**RECORD SET**
• • •
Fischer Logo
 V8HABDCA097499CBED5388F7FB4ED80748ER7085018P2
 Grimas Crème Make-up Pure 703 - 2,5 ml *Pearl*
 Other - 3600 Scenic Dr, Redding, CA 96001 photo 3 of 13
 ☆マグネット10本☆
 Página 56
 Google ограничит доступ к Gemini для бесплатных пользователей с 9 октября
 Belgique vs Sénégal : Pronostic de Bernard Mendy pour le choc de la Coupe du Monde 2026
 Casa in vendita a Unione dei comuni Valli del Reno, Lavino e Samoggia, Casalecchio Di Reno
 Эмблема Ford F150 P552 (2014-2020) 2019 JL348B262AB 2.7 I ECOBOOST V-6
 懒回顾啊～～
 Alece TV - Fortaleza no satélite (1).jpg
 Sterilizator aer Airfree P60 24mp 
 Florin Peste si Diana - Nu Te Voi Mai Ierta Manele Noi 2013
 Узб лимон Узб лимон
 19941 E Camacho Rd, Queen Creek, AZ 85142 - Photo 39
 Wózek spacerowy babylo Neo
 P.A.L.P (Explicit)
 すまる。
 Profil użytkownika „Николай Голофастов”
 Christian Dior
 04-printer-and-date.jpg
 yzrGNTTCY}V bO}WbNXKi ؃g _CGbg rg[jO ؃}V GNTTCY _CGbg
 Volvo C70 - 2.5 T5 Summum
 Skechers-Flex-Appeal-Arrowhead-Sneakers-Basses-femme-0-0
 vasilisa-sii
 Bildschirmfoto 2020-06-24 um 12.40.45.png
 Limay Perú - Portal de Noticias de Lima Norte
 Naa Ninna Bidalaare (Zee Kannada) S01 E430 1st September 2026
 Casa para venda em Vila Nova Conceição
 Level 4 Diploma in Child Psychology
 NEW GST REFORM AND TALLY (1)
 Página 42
• • •
**ACTION ITEM**
List every line above containing the word "Casa".

**EXERCISE OUTPUT**
 Casa in vendita a Unione dei comuni Valli del Reno, Lavino e Samoggia, Casalecchio Di Reno
 Casa para venda em Vila Nova Conceição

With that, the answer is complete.